▶ [Action item]:
Your copy should contain exactly the lines from the one that holds "Tour de France 2025" through the end of the material, reproduced as written, with no pictures.

▶ [Data]:
++++++++

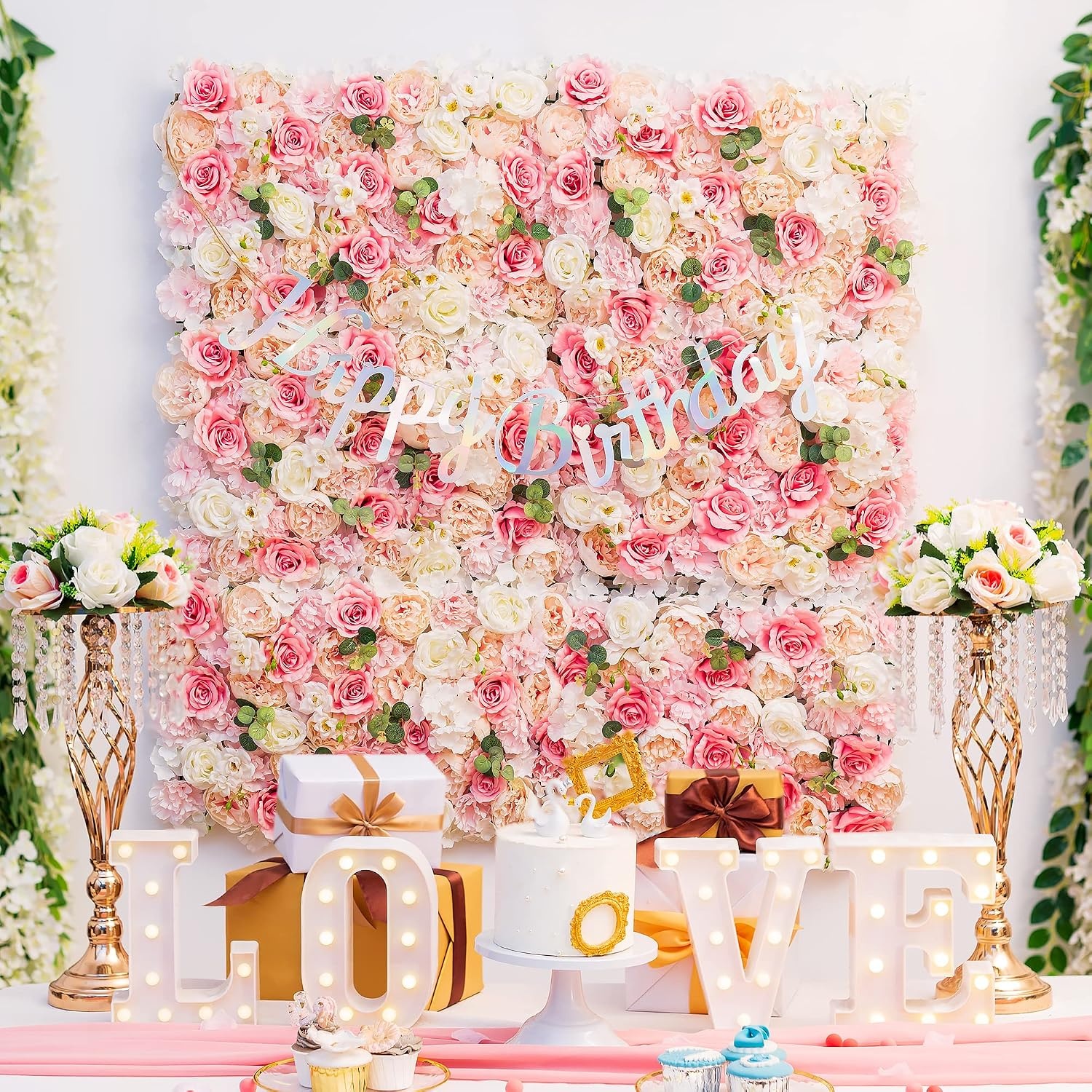 Kunstbloemen Wandpaneel Roze Roos Zijde 40x60 cm - 35% Korting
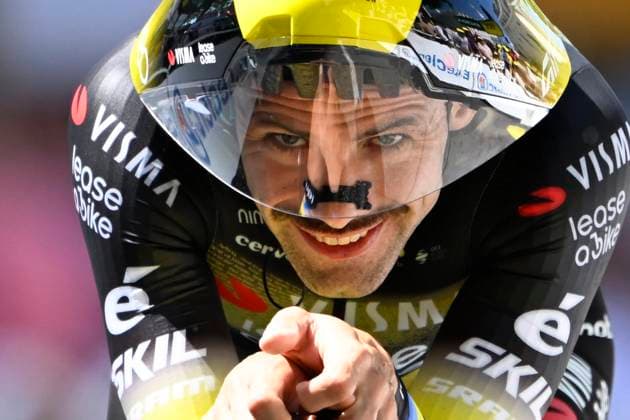 Tour de France 2025 Stage 5 CAEN, FRANCE - JULY 09 : Campenaerts Victor (BEL) of Team Visma Lease a Bike during stage 5 of the 112th edition of Tour de France an UCI World Tour 2.UWT Individual Time Trial stage for Men Elite of 33 km with start in Caen and finish in Caen on July 9, 2025 in Caen, France, 09 07 2025 ( Motordriver Kenny Verfaillie - Caen France  Copyright: xJanxDexMeuleneirx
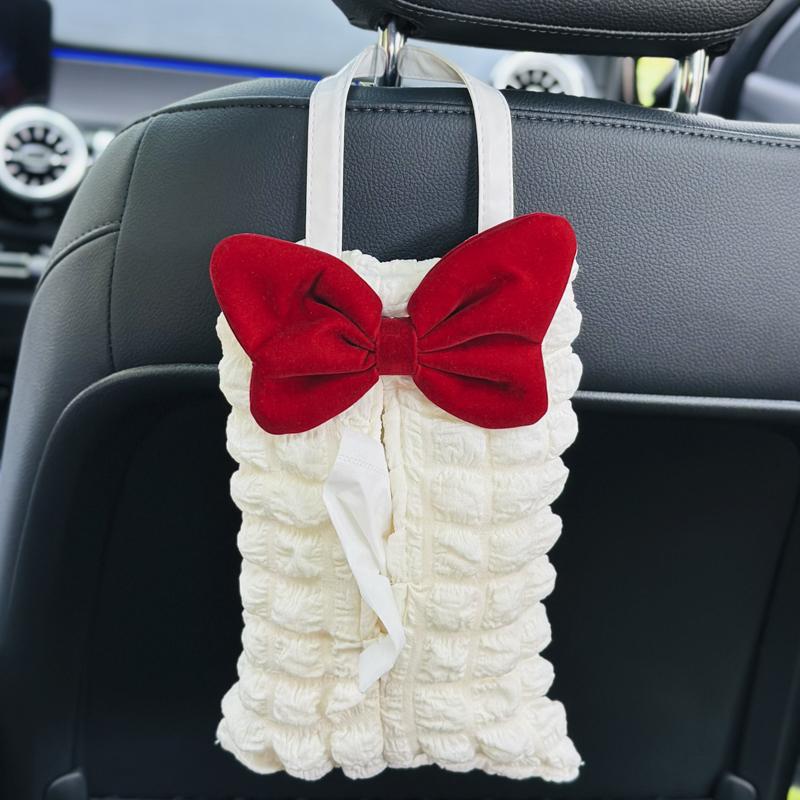 Cute Pink Bow Car Tissue Box Soft Puff Auto Seat Headrest Hanging Paper Tower Holder Organizer Bag Car Interior Accessories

++++++++

▶ [Task answer]:
 Tour de France 2025 Stage 5 CAEN, FRANCE - JULY 09 : Campenaerts Victor (BEL) of Team Visma Lease a Bike during stage 5 of the 112th edition of Tour de France an UCI World Tour 2.UWT Individual Time Trial stage for Men Elite of 33 km with start in Caen and finish in Caen on July 9, 2025 in Caen, France, 09 07 2025 ( Motordriver Kenny Verfaillie - Caen France  Copyright: xJanxDexMeuleneirx
 Cute Pink Bow Car Tissue Box Soft Puff Auto Seat Headrest Hanging Paper Tower Holder Organizer Bag Car Interior Accessories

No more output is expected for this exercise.